**TASK TO COMPLETE:**
Could you restate word for word the lines running from the one with "시진핑 주석이 15일" to the end of the data, both ends included, but without pictures?
#### RECORDS FOR THIS TASK
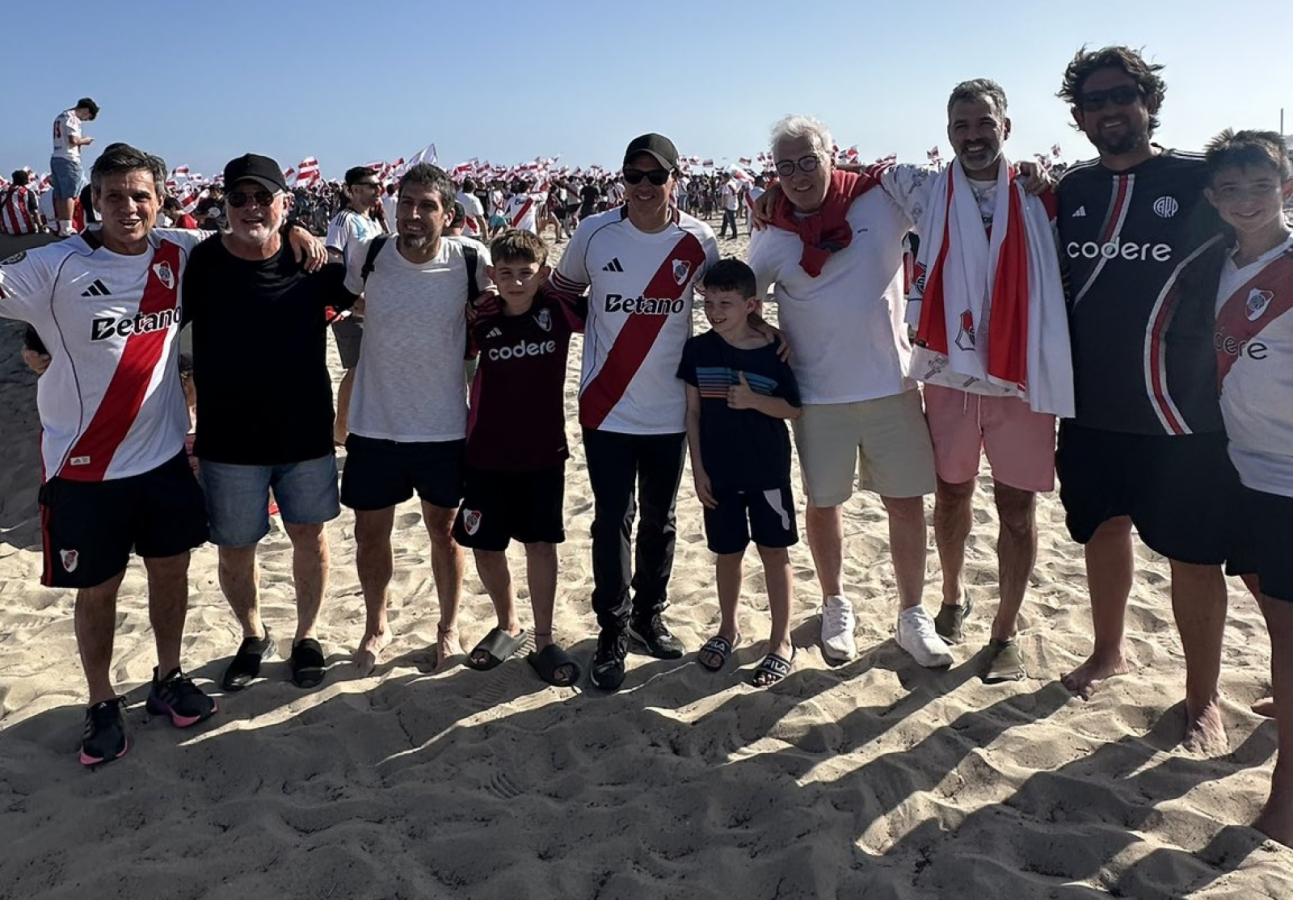 Imagen Jorge Brito, presente en el banderazo de River en Los Ángeles. Foto: @LeaVaquila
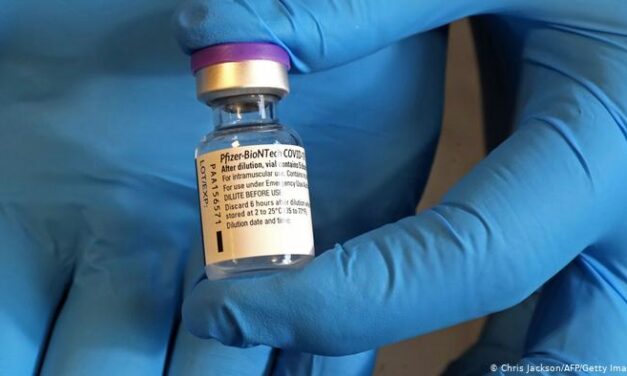 En Medellín han sido vacunadas 11.922 personas contra el COVID-19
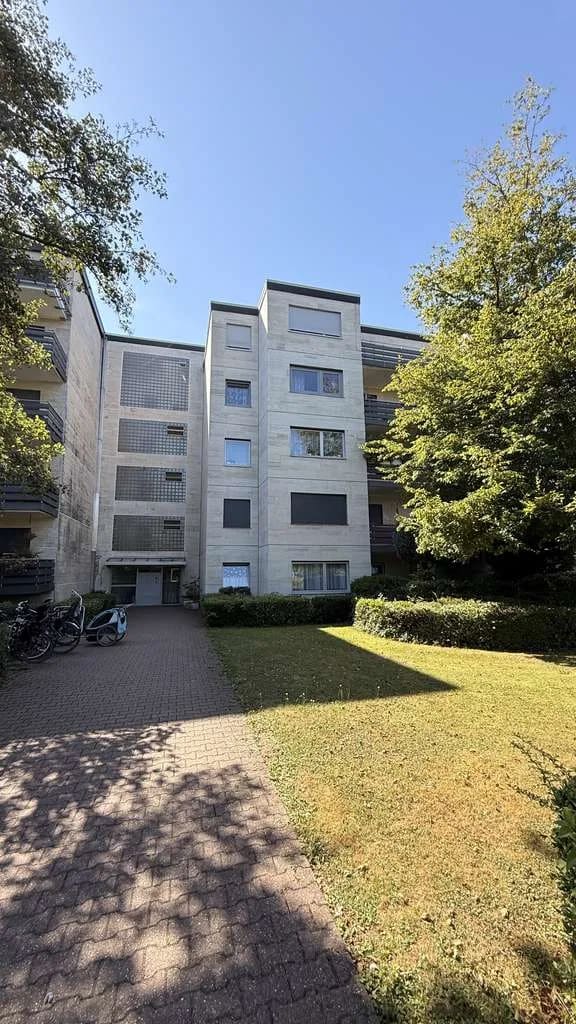 Immobilie in Bergheim - Renovierte 3-Zimmer-Eigentumswohnung in Bergheim – gute Gelegenheit für Eigennutzer oder Kapitalanle - Bild 0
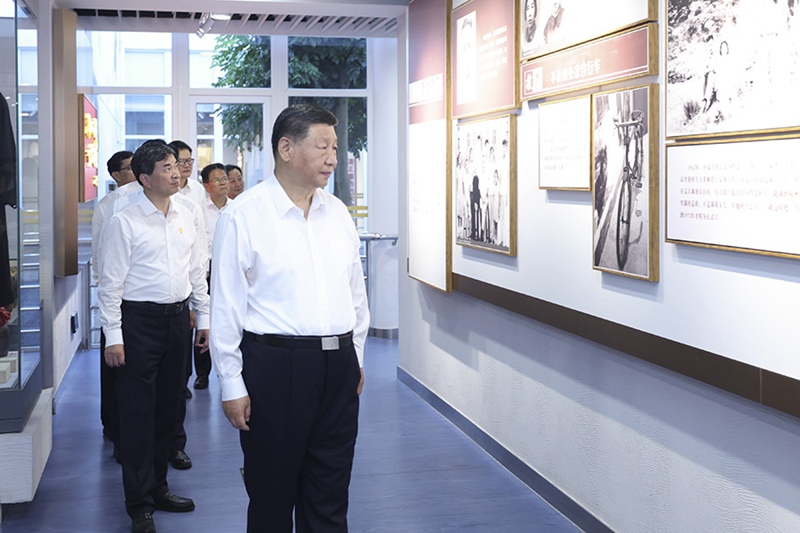 시진핑 주석이 15일 오후 장저우시 둥산현에 있는 구원창(谷文昌)기념관을 둘러보고 있다.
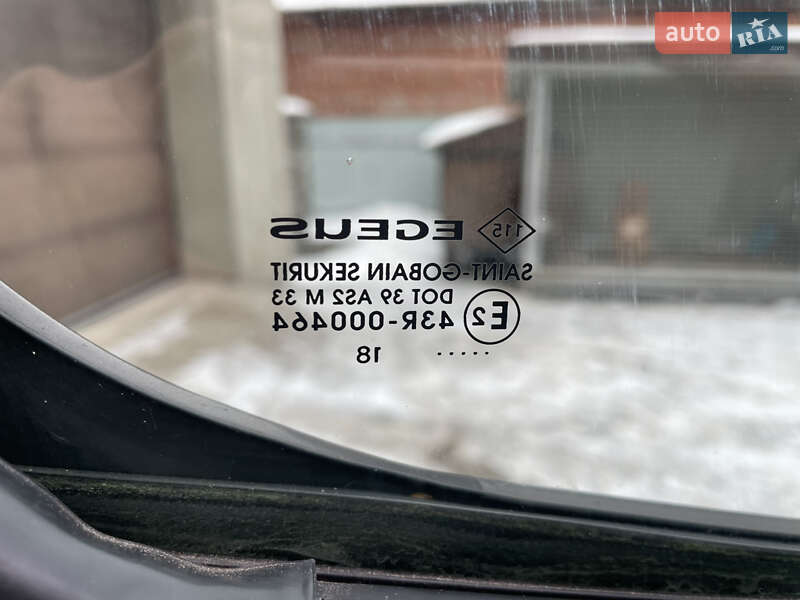 Вантажопасажирський фургон Renault Trafic 2018 в Києві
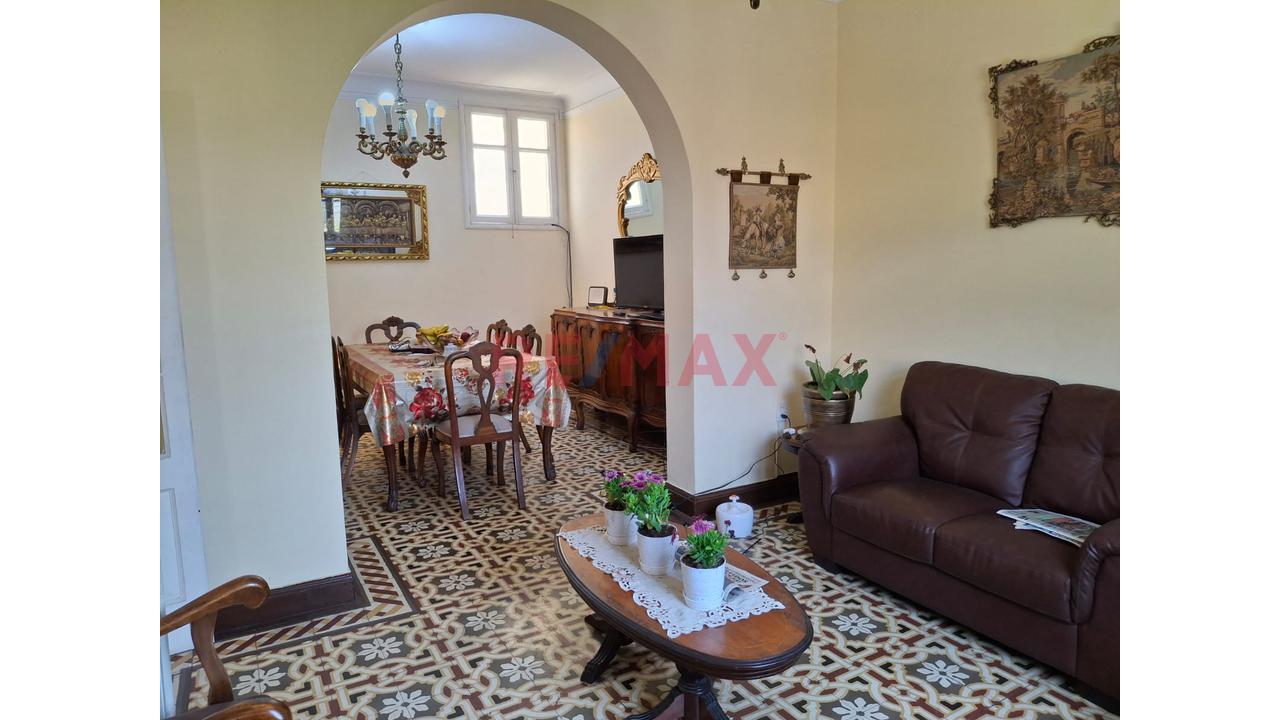 🏡 No Es Un Departamento Grande: Es Una Casa En Altura | 303 M² En Jesús María - 15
########
**OUTPUT OF THE EXERCISE:**
 시진핑 주석이 15일 오후 장저우시 둥산현에 있는 구원창(谷文昌)기념관을 둘러보고 있다.
 Вантажопасажирський фургон Renault Trafic 2018 в Києві
 🏡 No Es Un Departamento Grande: Es Una Casa En Altura | 303 M² En Jesús María - 15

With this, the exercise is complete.